Ignacy est placé en CP pour, en premier lieu, apprendre le français. Déjà grand pour son âge, il se sent comme Gulliver au milieu des jeunes filles. Au fur à mesure de l’année, sa maîtrise de la langue s’améliorant, il passe de niveau en niveau jusqu’au CM2, emmenant d’une salle de classe à l’autre sa table et sa chaise démesurées par rapport à celles de l’assistance.

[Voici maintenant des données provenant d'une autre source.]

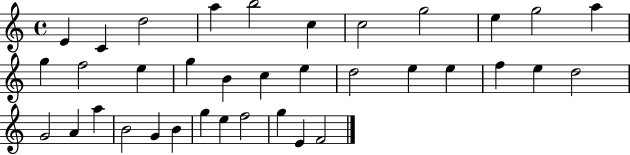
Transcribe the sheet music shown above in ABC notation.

X:1
T:Untitled
M:4/4
L:1/4
K:C
E C d2 a b2 c c2 g2 e g2 a g f2 e g B c e d2 e e f e d2 G2 A a B2 G B g e f2 g E F2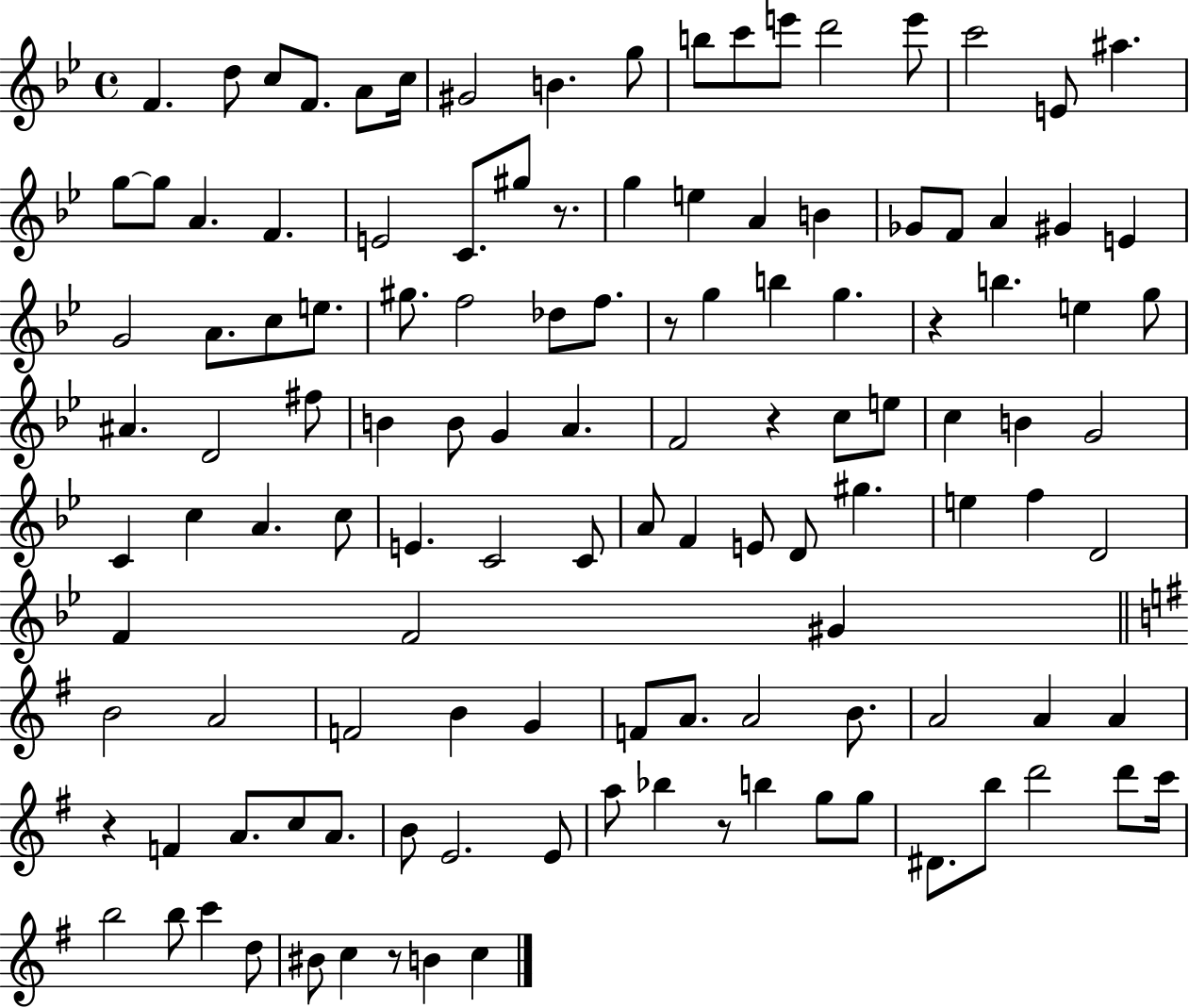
{
  \clef treble
  \time 4/4
  \defaultTimeSignature
  \key bes \major
  \repeat volta 2 { f'4. d''8 c''8 f'8. a'8 c''16 | gis'2 b'4. g''8 | b''8 c'''8 e'''8 d'''2 e'''8 | c'''2 e'8 ais''4. | \break g''8~~ g''8 a'4. f'4. | e'2 c'8. gis''8 r8. | g''4 e''4 a'4 b'4 | ges'8 f'8 a'4 gis'4 e'4 | \break g'2 a'8. c''8 e''8. | gis''8. f''2 des''8 f''8. | r8 g''4 b''4 g''4. | r4 b''4. e''4 g''8 | \break ais'4. d'2 fis''8 | b'4 b'8 g'4 a'4. | f'2 r4 c''8 e''8 | c''4 b'4 g'2 | \break c'4 c''4 a'4. c''8 | e'4. c'2 c'8 | a'8 f'4 e'8 d'8 gis''4. | e''4 f''4 d'2 | \break f'4 f'2 gis'4 | \bar "||" \break \key e \minor b'2 a'2 | f'2 b'4 g'4 | f'8 a'8. a'2 b'8. | a'2 a'4 a'4 | \break r4 f'4 a'8. c''8 a'8. | b'8 e'2. e'8 | a''8 bes''4 r8 b''4 g''8 g''8 | dis'8. b''8 d'''2 d'''8 c'''16 | \break b''2 b''8 c'''4 d''8 | bis'8 c''4 r8 b'4 c''4 | } \bar "|."
}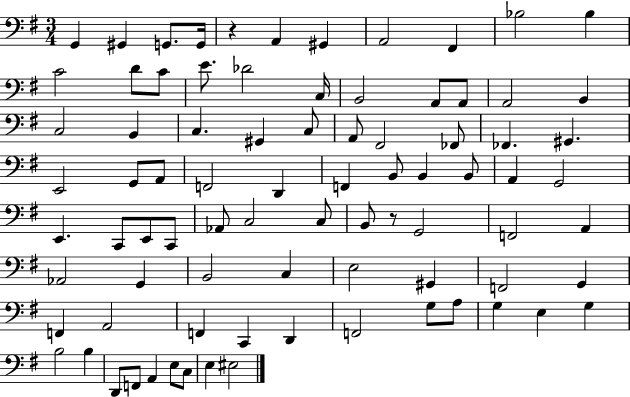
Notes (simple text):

G2/q G#2/q G2/e. G2/s R/q A2/q G#2/q A2/h F#2/q Bb3/h Bb3/q C4/h D4/e C4/e E4/e. Db4/h C3/s B2/h A2/e A2/e A2/h B2/q C3/h B2/q C3/q. G#2/q C3/e A2/e F#2/h FES2/e FES2/q. G#2/q. E2/h G2/e A2/e F2/h D2/q F2/q B2/e B2/q B2/e A2/q G2/h E2/q. C2/e E2/e C2/e Ab2/e C3/h C3/e B2/e R/e G2/h F2/h A2/q Ab2/h G2/q B2/h C3/q E3/h G#2/q F2/h G2/q F2/q A2/h F2/q C2/q D2/q F2/h G3/e A3/e G3/q E3/q G3/q B3/h B3/q D2/e F2/e A2/q E3/e C3/e E3/q EIS3/h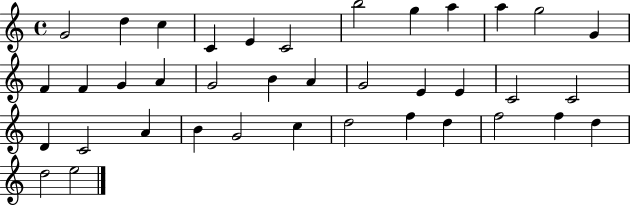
G4/h D5/q C5/q C4/q E4/q C4/h B5/h G5/q A5/q A5/q G5/h G4/q F4/q F4/q G4/q A4/q G4/h B4/q A4/q G4/h E4/q E4/q C4/h C4/h D4/q C4/h A4/q B4/q G4/h C5/q D5/h F5/q D5/q F5/h F5/q D5/q D5/h E5/h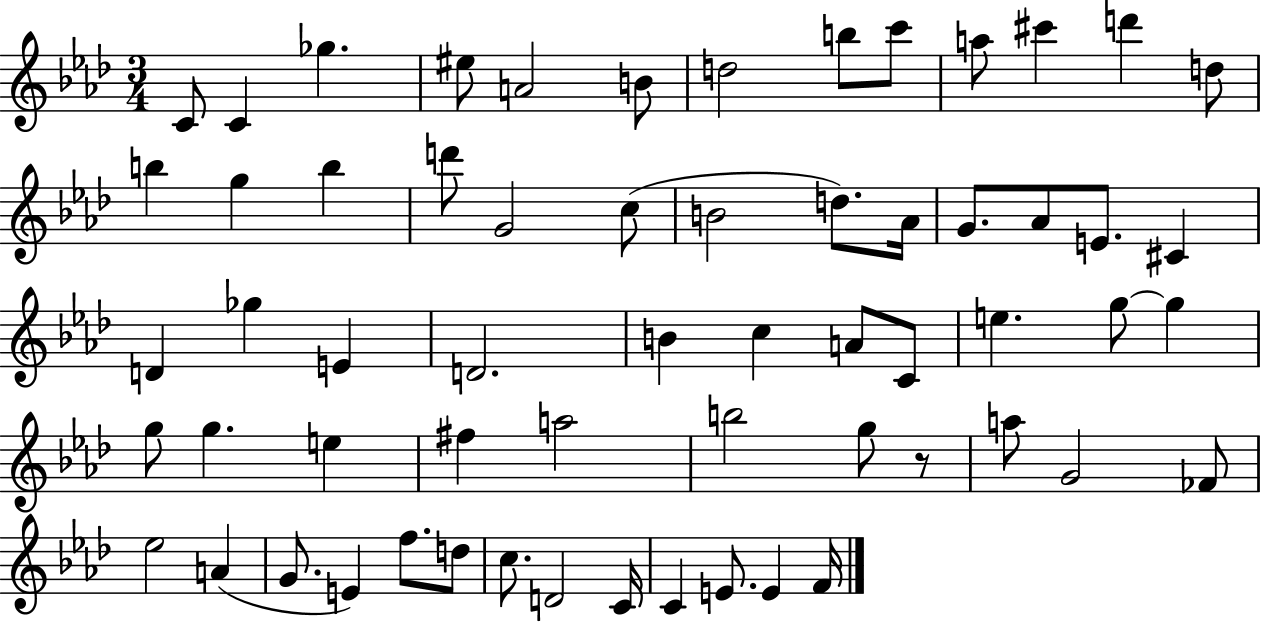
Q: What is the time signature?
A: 3/4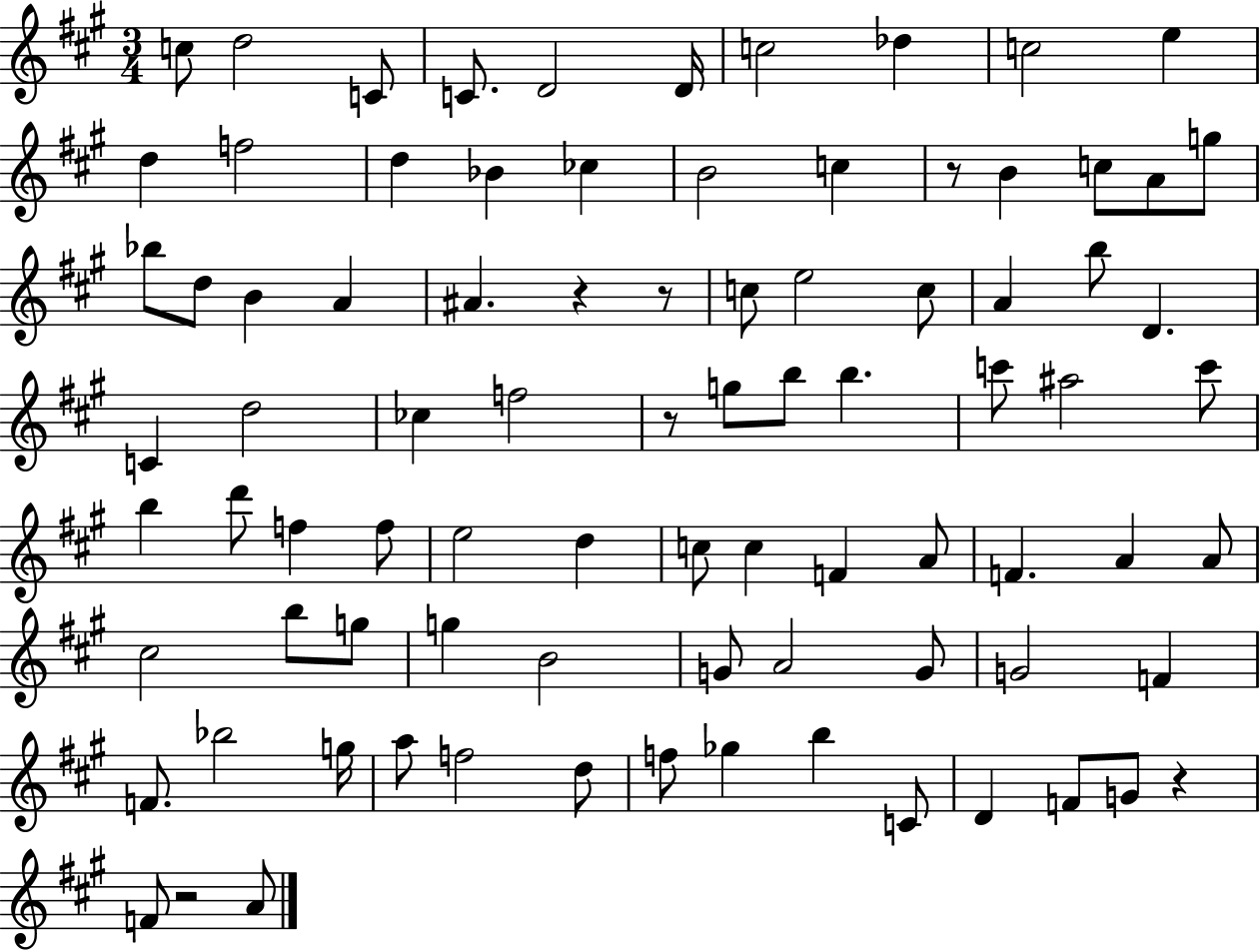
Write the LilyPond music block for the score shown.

{
  \clef treble
  \numericTimeSignature
  \time 3/4
  \key a \major
  c''8 d''2 c'8 | c'8. d'2 d'16 | c''2 des''4 | c''2 e''4 | \break d''4 f''2 | d''4 bes'4 ces''4 | b'2 c''4 | r8 b'4 c''8 a'8 g''8 | \break bes''8 d''8 b'4 a'4 | ais'4. r4 r8 | c''8 e''2 c''8 | a'4 b''8 d'4. | \break c'4 d''2 | ces''4 f''2 | r8 g''8 b''8 b''4. | c'''8 ais''2 c'''8 | \break b''4 d'''8 f''4 f''8 | e''2 d''4 | c''8 c''4 f'4 a'8 | f'4. a'4 a'8 | \break cis''2 b''8 g''8 | g''4 b'2 | g'8 a'2 g'8 | g'2 f'4 | \break f'8. bes''2 g''16 | a''8 f''2 d''8 | f''8 ges''4 b''4 c'8 | d'4 f'8 g'8 r4 | \break f'8 r2 a'8 | \bar "|."
}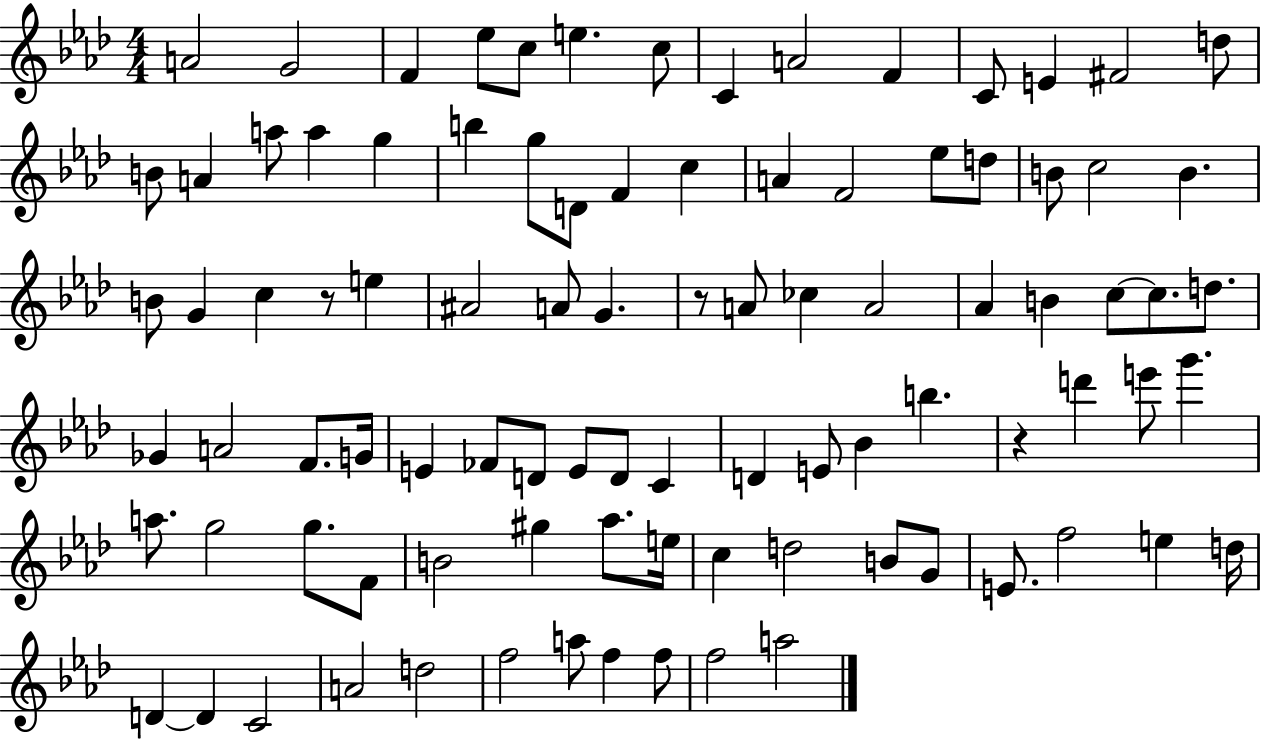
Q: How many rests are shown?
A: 3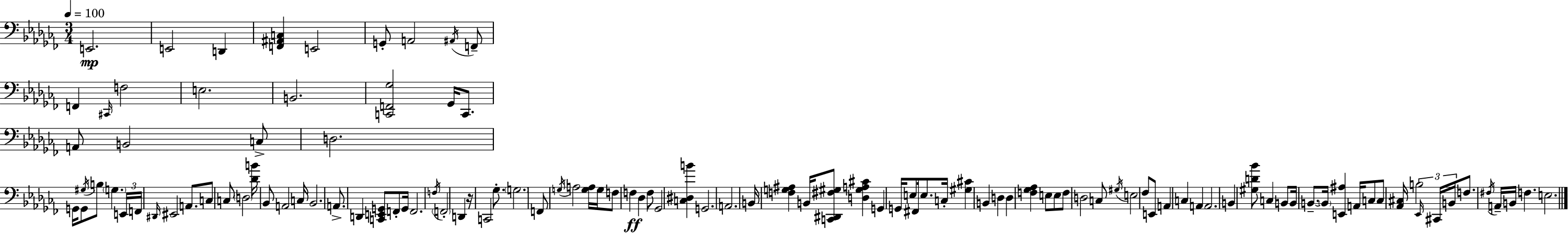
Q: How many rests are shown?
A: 1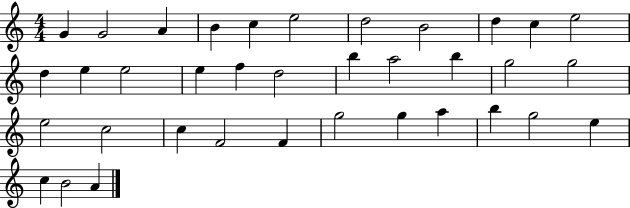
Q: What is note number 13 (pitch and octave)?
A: E5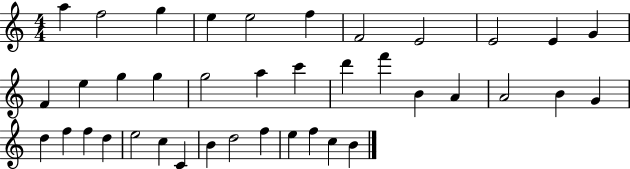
A5/q F5/h G5/q E5/q E5/h F5/q F4/h E4/h E4/h E4/q G4/q F4/q E5/q G5/q G5/q G5/h A5/q C6/q D6/q F6/q B4/q A4/q A4/h B4/q G4/q D5/q F5/q F5/q D5/q E5/h C5/q C4/q B4/q D5/h F5/q E5/q F5/q C5/q B4/q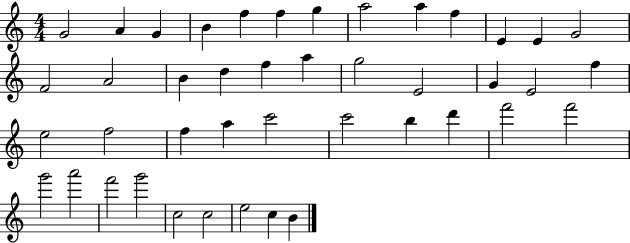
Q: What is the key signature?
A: C major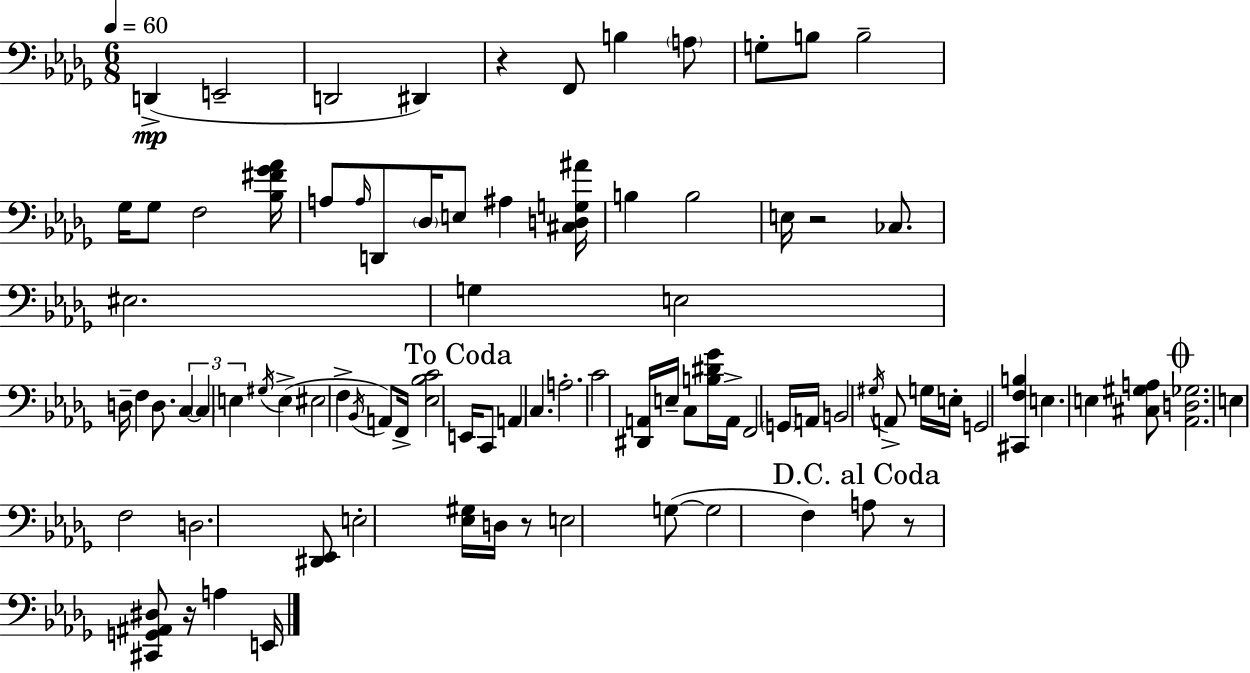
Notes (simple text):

D2/q E2/h D2/h D#2/q R/q F2/e B3/q A3/e G3/e B3/e B3/h Gb3/s Gb3/e F3/h [Bb3,F#4,Gb4,Ab4]/s A3/e A3/s D2/e Db3/s E3/e A#3/q [C#3,D3,G3,A#4]/s B3/q B3/h E3/s R/h CES3/e. EIS3/h. G3/q E3/h D3/s F3/q D3/e. C3/q C3/q E3/q G#3/s E3/q EIS3/h F3/q Bb2/s A2/e F2/s [Eb3,Bb3,C4]/h E2/s C2/e A2/q C3/q. A3/h. C4/h [D#2,A2]/s E3/s C3/e [B3,D#4,Gb4]/s A2/s F2/h G2/s A2/s B2/h G#3/s A2/e G3/s E3/s G2/h [C#2,F3,B3]/q E3/q. E3/q [C#3,G#3,A3]/e [Ab2,D3,Gb3]/h. E3/q F3/h D3/h. [D#2,Eb2]/e E3/h [Eb3,G#3]/s D3/s R/e E3/h G3/e G3/h F3/q A3/e R/e [C#2,G2,A#2,D#3]/e R/s A3/q E2/s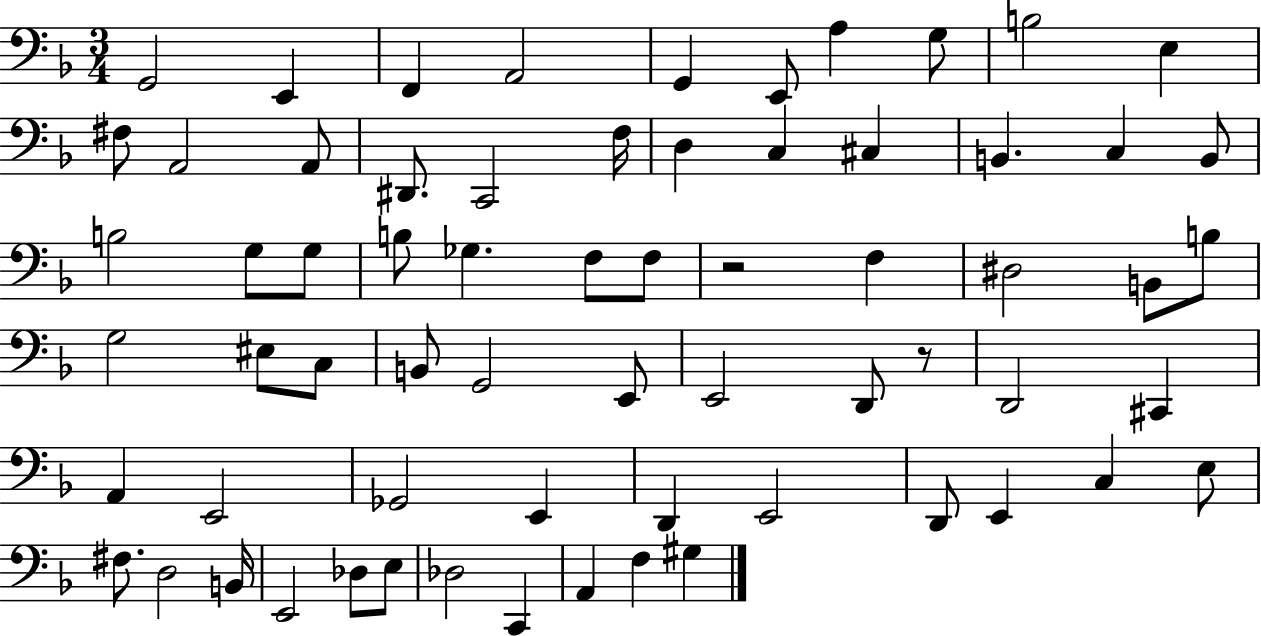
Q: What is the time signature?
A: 3/4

La “drôle de guerre” touchant à sa fin, Jerzy part pour Coëtquidan (en Bretagne), où se forme l’armée polonaise en exil. Le 10 juin 1940, l’Italie déclare la guerre à la France. Anna et Janka trouvent Cannes trop proche de la frontière et mettent le cap sur Perpignan avec les enfants, puis le petit village de Vernet-les-Bains au pied du mont Canigou. Le voyage se fait tantôt à pieds, en voiture, ou dans des trains bondés dont les passagers doivent descendre pour sa cacher dans les fourrés à chaque alerte aérienne. Les français voient souvent d’un mauvais œil ces polonais qui sont la “cause” de leur entrée en guerre…

Jerzy, Ignacy, Anna et Stefan à Cannes en 1940

Mais même dans ce village, elles ne se sentent pas plus en sécurité : “C’est tellement isolé que si les Allemands arrivent, on ne sera pas au courant”. Alors les voilà partis pour Biarritz, une ville pleine à craquer de réfugiés parisiens. Elles se battent pour trouver trouver un hôtel, mais les enfants renversent de l’eau par la fenêtre sur un passant pour s’amuser… Mis dehors, ils dorment à même le sol dans les cafés et bistrots…

Le 22 juin, l’armistice est signée, Biarritz fait partie de la zone occupée. Janka, son fils Tad et plusieurs amis partent pour l’Espagne dans l’espoir de rejoindre le Brésil où vit le mari de Janka. Mais Anna refuse de quitter la France sans avoir de nouvelles de Jerzy. Elle se replie donc avec Ignacy et Stefan sur la zone libre et dort dans une loge du théâtre municipal de Pau. Chaque jour, mon grand-père se rend au bureau de poste pour envoyer du courrier aux connaissances qui pourraient être en contact avec son père. Et c’est dans la porte tournante du bureau de poste qu’un jour, il tombe sur… son père ! Démobilisé à Bordeaux, celui-ci revenait de Vernet-les-Bains, la dernière adresse qu’il leur connaissait et s’apprêtait à traverser la ligne de démarcation pour rejoindre Biarritz. Une chance incroyable au milieu du chaos de la guerre.

Une autre photo de Cannes en 1940. Ignacy, Tad, Anna, Stefan, Jerzy. Je ne sais pas qui sont les “grand-parents” derrière Stefan.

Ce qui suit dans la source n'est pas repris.